Traceback (most recent call last):
  File "/Users/folyd/UTA/chatbot/chatbot/.venv/lib/python3.11/site-packages/billiard/pool.py", line 1264, in mark_as_worker_lost
    raise WorkerLostError(
billiard.exceptions.WorkerLostError: Worker exited prematurely: signal 6 (SIGABRT) Job: 0.
Radiergummi commented 7 months ago

@Folyd That looks unrelated to the metrics code, at least on first glance. Have you tried my original code from StackOverflow, too? The fork issue vaguely looks similar to my issue back then.

deathwebo commented 2 weeks ago

Sorry for reviving a very old thread but this thread and your stackoverflow answer are the only examples I could find covering this issue @Radiergummi I have one question, the documentation mentions some limitations when setting celery to multiprocess mode:

To handle this the client library can be put in multiprocess mode. This comes with a number of limitations:

Registries can not be used as normal, all instantiated metrics are exported
    Registering metrics to a registry later used by a MultiProcessCollector may cause duplicate metrics to be exported
Custom collectors do not work (e.g. cpu and memory metrics)
Info and Enum metrics do not work
The pushgateway cannot be used
Gauges cannot use the pid label
Exemplars are not supported
Remove and Clear of labels are currently not supported in multiprocess mode. 

Have you run into this issues yourself with your code ? Thanks again for your code!

Radiergummi commented 2 weeks ago

Have you run into this issues yourself with your code ? Thanks again for your code!

@deathwebo it's running smoothly in production since then, and we didn't encounter any obvious issues (yet). The limitations stated in the documentation sound like a lot, but didn't actually impact our use case. You'll have to evaluate this for your application yourself. Assuming you register metrics to the default registry, don't try to measure system resource usage in multiple threads (just use node exporter for that), don't create fancy custom metrics, and use gauges instead of info metrics, you should be fine.

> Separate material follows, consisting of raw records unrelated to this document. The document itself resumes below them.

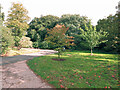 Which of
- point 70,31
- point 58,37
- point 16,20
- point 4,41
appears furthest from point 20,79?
point 70,31

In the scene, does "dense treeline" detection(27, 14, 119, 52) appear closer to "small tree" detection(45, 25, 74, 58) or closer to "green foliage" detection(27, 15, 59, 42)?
"green foliage" detection(27, 15, 59, 42)

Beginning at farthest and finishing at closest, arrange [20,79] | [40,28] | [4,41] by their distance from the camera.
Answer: [40,28] → [4,41] → [20,79]

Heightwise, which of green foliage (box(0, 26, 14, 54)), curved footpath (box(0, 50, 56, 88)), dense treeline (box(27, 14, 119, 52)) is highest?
dense treeline (box(27, 14, 119, 52))

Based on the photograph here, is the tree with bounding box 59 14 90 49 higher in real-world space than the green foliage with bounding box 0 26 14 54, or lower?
higher

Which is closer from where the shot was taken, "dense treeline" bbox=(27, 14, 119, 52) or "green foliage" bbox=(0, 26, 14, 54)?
"green foliage" bbox=(0, 26, 14, 54)

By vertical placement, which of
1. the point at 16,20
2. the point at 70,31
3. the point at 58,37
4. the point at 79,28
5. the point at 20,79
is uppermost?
the point at 16,20

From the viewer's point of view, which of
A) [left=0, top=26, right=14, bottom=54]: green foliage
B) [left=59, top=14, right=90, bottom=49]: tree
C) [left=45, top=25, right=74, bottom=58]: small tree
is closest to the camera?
[left=45, top=25, right=74, bottom=58]: small tree

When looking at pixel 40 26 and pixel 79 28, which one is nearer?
pixel 79 28

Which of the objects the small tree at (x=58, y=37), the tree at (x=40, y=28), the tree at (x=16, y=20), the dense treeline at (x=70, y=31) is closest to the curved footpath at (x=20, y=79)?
the small tree at (x=58, y=37)

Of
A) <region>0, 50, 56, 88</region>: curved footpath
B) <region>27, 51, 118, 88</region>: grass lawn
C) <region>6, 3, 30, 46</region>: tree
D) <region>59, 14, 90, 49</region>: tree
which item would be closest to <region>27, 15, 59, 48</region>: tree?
<region>59, 14, 90, 49</region>: tree

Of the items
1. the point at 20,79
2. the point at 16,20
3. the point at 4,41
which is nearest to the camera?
the point at 20,79

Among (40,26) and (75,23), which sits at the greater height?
(40,26)

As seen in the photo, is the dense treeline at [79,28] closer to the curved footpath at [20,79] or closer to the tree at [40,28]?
the tree at [40,28]

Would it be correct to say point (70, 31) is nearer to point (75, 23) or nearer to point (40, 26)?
point (75, 23) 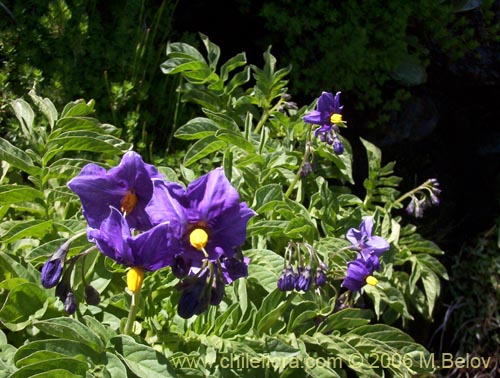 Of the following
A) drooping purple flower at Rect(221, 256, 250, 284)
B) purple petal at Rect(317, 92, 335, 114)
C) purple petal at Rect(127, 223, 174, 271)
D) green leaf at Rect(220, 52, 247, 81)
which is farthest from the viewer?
green leaf at Rect(220, 52, 247, 81)

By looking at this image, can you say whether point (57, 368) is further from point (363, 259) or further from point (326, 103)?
point (326, 103)

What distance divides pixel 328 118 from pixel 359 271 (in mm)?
534

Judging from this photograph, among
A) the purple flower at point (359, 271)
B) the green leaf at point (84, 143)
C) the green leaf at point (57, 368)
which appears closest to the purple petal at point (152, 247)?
the green leaf at point (57, 368)

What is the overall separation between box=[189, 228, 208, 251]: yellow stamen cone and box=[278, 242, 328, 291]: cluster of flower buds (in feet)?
1.60

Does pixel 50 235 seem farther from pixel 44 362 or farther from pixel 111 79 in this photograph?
pixel 111 79

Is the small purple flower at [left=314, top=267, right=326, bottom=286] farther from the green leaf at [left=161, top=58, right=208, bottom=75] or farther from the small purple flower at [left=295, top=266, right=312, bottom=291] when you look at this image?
the green leaf at [left=161, top=58, right=208, bottom=75]

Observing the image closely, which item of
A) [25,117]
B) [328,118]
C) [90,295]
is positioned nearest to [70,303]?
[90,295]

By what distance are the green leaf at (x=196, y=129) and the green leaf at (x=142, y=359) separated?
2.76ft

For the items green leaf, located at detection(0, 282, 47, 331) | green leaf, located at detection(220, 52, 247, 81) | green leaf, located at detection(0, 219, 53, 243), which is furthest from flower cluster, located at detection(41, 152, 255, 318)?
green leaf, located at detection(220, 52, 247, 81)

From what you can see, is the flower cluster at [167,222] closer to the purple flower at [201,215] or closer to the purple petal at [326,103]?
the purple flower at [201,215]

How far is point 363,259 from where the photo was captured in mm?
1931

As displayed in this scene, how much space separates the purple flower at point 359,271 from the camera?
1.91m

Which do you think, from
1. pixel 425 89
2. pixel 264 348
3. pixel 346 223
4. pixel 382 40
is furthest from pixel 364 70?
Answer: pixel 264 348

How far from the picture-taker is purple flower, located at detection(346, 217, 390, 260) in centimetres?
197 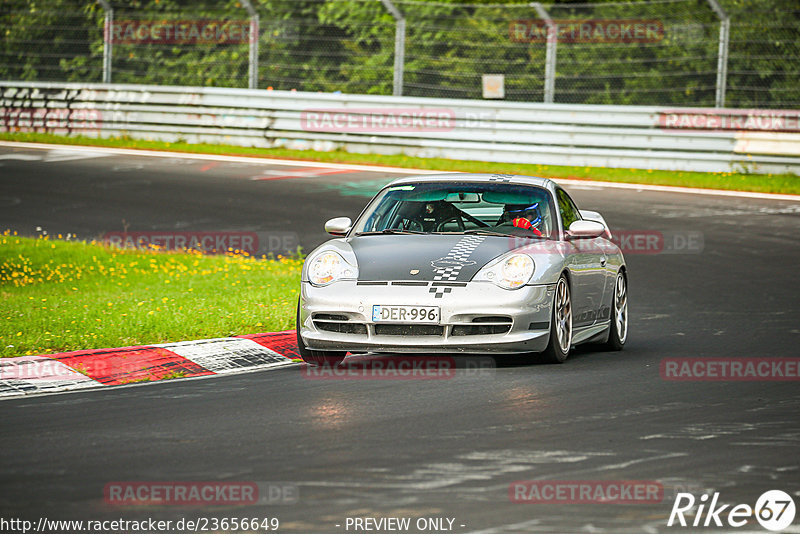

All those limitations really stem from the fact that you want multiple applications to contribute to a single counter. If you can picture that in your head and account for the consequences, you're golden.

Let me know if you hit any specific roadblocks!

deathwebo commented 1 week ago

Have you run into this issues yourself with your code ? Thanks again for your code!

@deathwebo it's running smoothly in production since then, and we didn't encounter any obvious issues (yet). The limitations stated in the documentation sound like a lot, but didn't actually impact our use case. You'll have to evaluate this for your application yourself. Assuming you register metrics to the default registry, don't try to measure system resource usage in multiple threads (just use node exporter for that), don't create fancy custom metrics, and use gauges instead of info metrics, you should be fine.

All those limitations really stem from the fact that you want multiple applications to contribute to a single counter. If you can picture that in your head and account for the consequences, you're golden.

Let me know if you hit any specific roadblocks!

Nice! I just set it up for prod where we run multiple nodes and workers and it's all starting to flow into prometheus. Thanks again for this thread and information.